While I totally agree that process can go nuts and get in the way, I will disagree that testing always makes things slower. Once you are past the prototyping phase, and get into actual production phase (some projects never make this turn) some testing infrastructure can absolutely make thing faster. Rather than having to deal with all of the bugs that your fellow developers are just dumping into the main branch, they can help weed out some of the bugs before others have to deal with them.


Your comment is downvoted perhaps because it sounds so cynical, but after thinking about it I agree to a certain extent. Throughout my career I've noticed the biggest pushers for more unit testing are usually middle managers who love to see that coverage number goes up since it's an observable metric, but nuanced opinions like "more unit tests are not always good and can be detrimental" are generally not welcome.


> Hundreds of lines of mock code

No wonder they are not getting value out of unit tests.

https://blog.metaobject.com/2014/05/why-i-don-mock.html


Many developers seem to lack a focus on automation in the most basic sense of the word as well. While consulting, I see lots of backend developers constantly making a change, waiting for the server to reload with the new changes, switch to Postman/cURL/whatever, fire off their request and see if it's accurate. Rather than just having the request handler as a function that is under test with assertions, and have the test re-run on each change. So much time during a developers day is spent on just repetition, and they don't seem to care.


Plenty of time to check Reddit while waiting for the server to reload.


> Then I showed that a unit test can discover this

Yeah but the catch is that in order for your code to be "testable" you have to rewrite it completely in a way that comes with large sacrifices, making it much more confusing, abstract, larger and much harder to work with, in every way except testing it.


My experience is the exact opposite of this. Modular code that has well defined boundaries and responsibilities can be mocked and tested in isolation. It can also be reasoned about in isolation, reducing complexity. New functionality can be assigned to the proper module because each module has a well defined purpose.


I think the focus that everything should be testable is a wrong one, but almost every codebase has functionality that can be easily unit tested without major refactors. For everything else, integration tests can already help a lot.

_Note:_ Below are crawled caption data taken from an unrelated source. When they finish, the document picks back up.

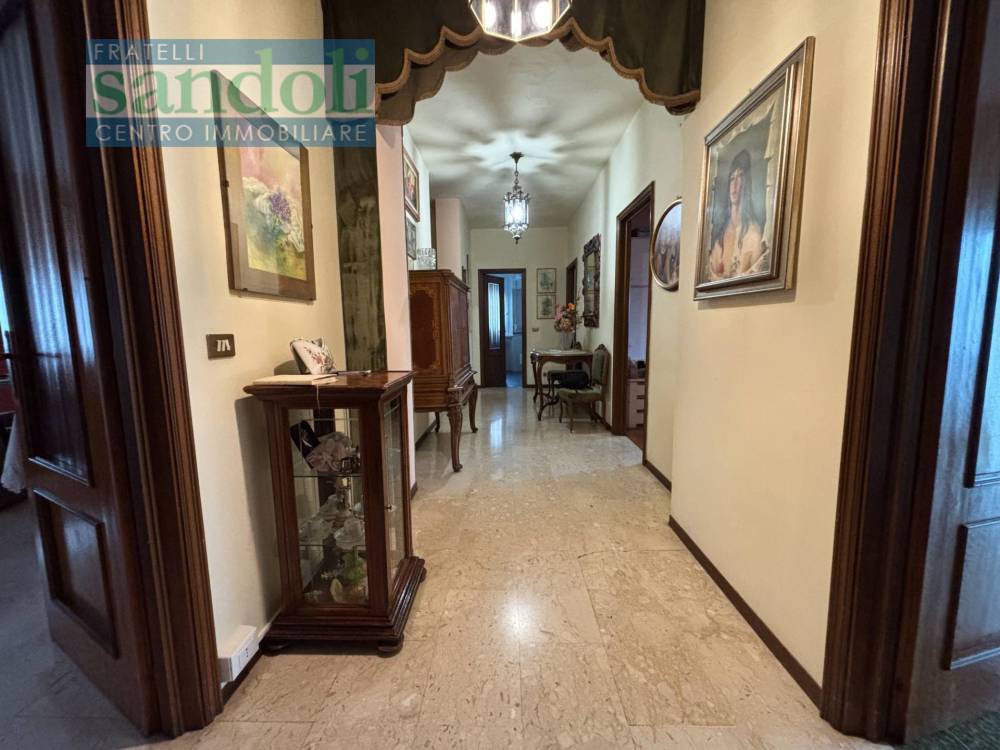 casa indipendente in vendita a Vercelli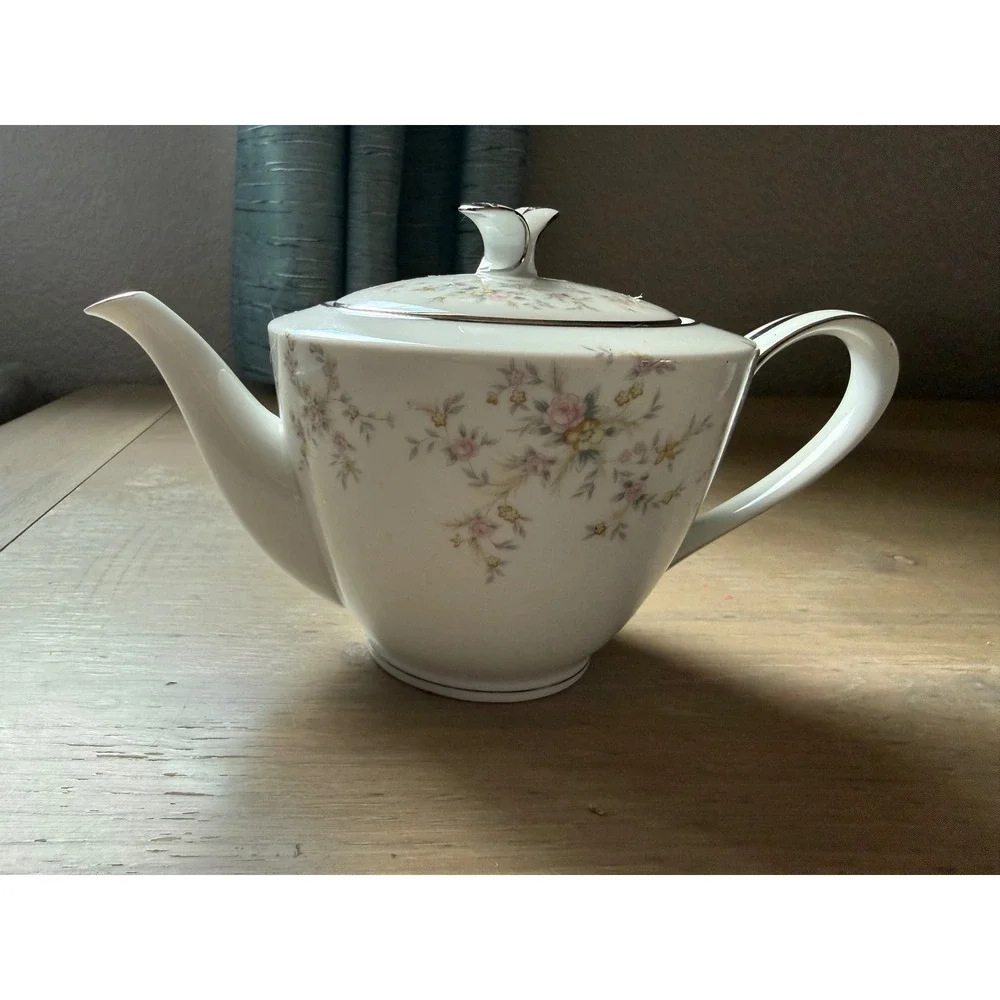 Noritake Arlene 5802 Teapot Vintage Fine China Floral Platinum Trim Japan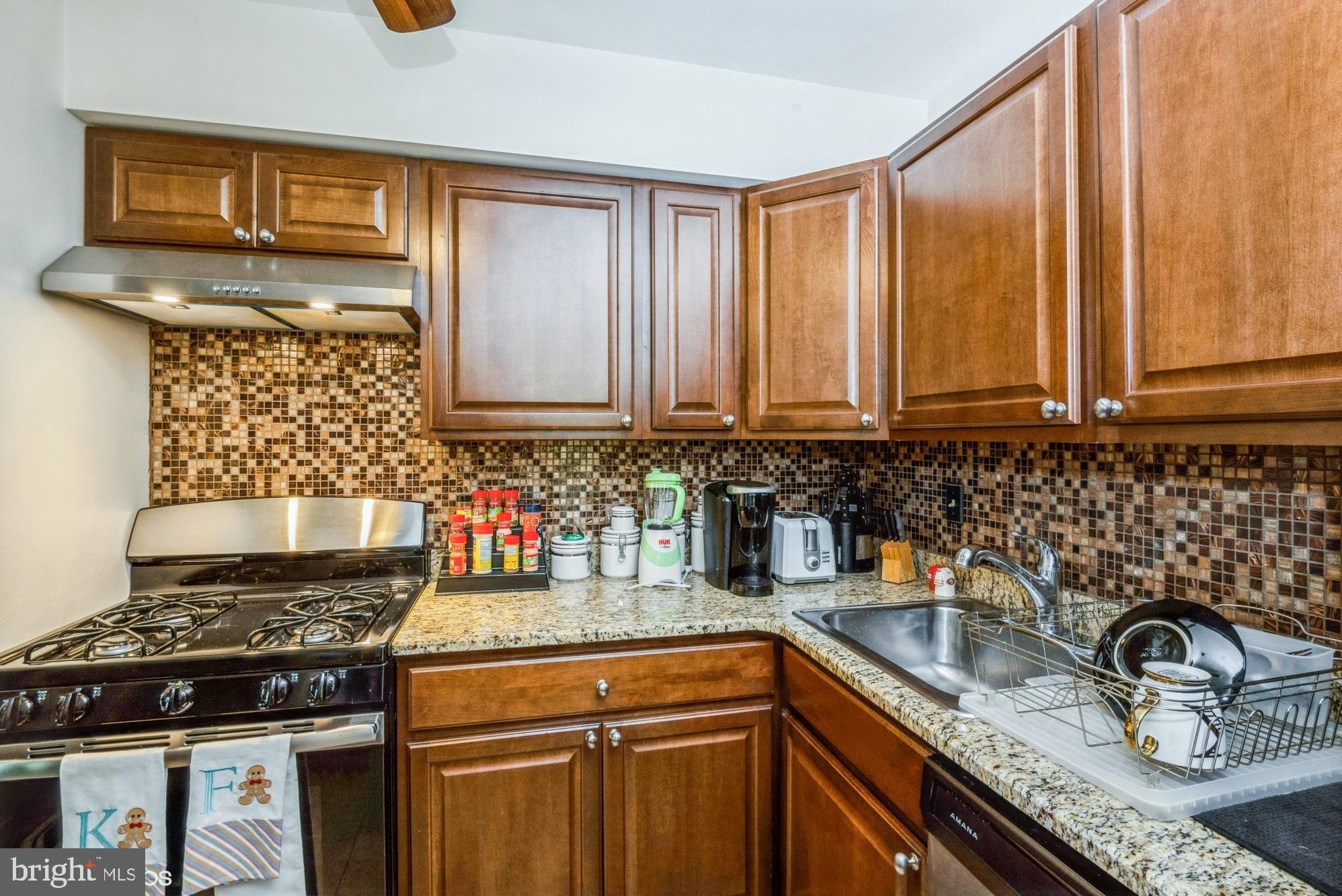 9639 White Acre Road, Unit C4 Columbia, MD 21045 - Photo 2 of 30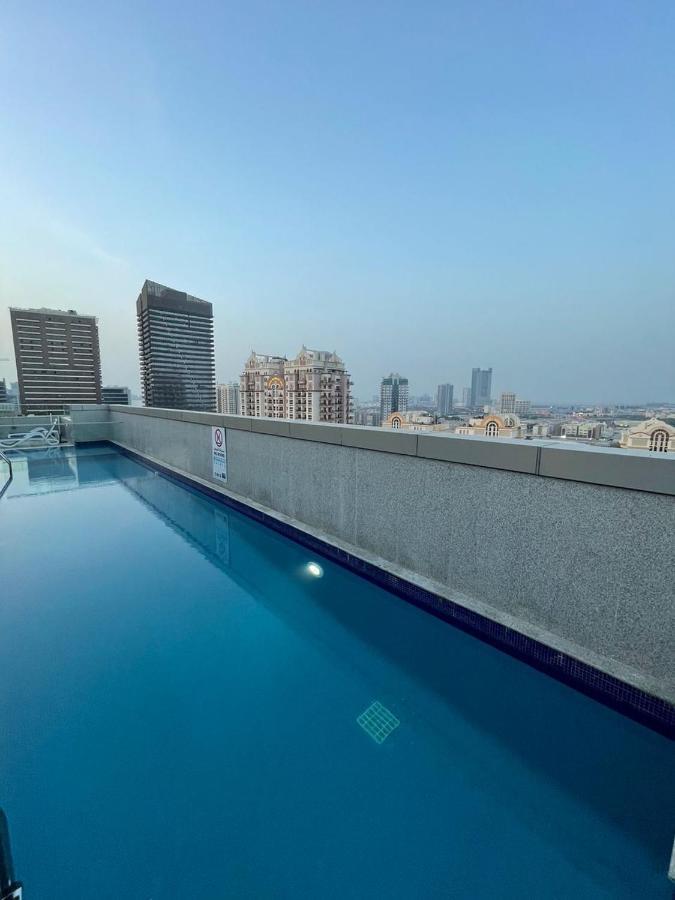 Great View, Dubai Sportcity, Parking Included, Nice Apartments エクステリア 写真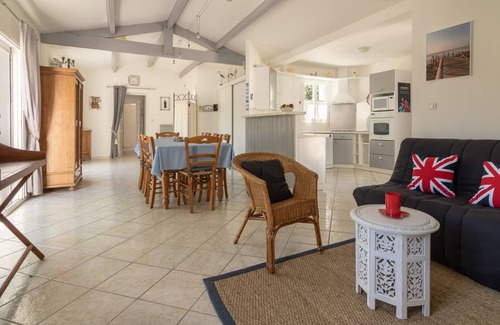 Les Portes-en-Re House | Beautiful friendly & comfortable house at Les Portes, 4 bedrooms and heated pool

Ideally, everything should be testable or replaceable. The non testable parts of your code have network effects on the testability of other parts of the code that are dependent on those parts. This is where dependency injection (e.g via a constructor or function parameters) really shines.

I totally agree that if you have to choose (and usually you do, unless you have unlimited time and funding), choose to implement end to end integration tests first.


The simple verification aspect of unit tests makes writing code easier and more purposeful in my opinion. At a most basic level it's kind of like a small informal proof. When the code base get's complex and larger in size this is invaluable if unit tests are written correctly. Tests have to make sense and be written well just like any other piece of code.

It also helps form thinking about test cases and logic before writing code. Before I used exhaustive unit tests I would just start writing code right away and often times this would result in constant refactoring as the code evolved or during debugging. But unit tests encouraged me to scaffold out abstract functions and write tests before implementing the code. It got me thinking about what the logic and workflows then implementing the functions meant having the tests pass as verification.


So if you an existing, functional, code base, I totally agree. Rewrites in general are rarely worth doing. If you have a new code base, it can be incredibly valuable to design the code such that externalities can be injected. Usually this means being able to swap out file system, RNG, system time, and networking layers. If your code uses a particular hardware platform, it can be useful to put the platform specific code behind an abstraction layer.

Not only does it make your code more unit testable, it makes your code much more ad hoc testable. Again, I would not refactor a large, non-disposable application just to achieve this.


Imho one of the benefits of unit testing is precisely that you have to write/refactor your code to make it more testable and in the process you uncover and fix flaws in lacking abstraction and isolation.


If you write code that is not testable, how do you test it? What you propose is false dichotomy really. Code that isn't testable is almost always confusing, large, hard to work with etc.


Once I wrote my third game in Unity, with unit tests coverage of about 80%. It was least buggy game in my entire career. It was also the hardest time as I had to start thinking more about creating testable components rather than messy spaghetti code I used to write before.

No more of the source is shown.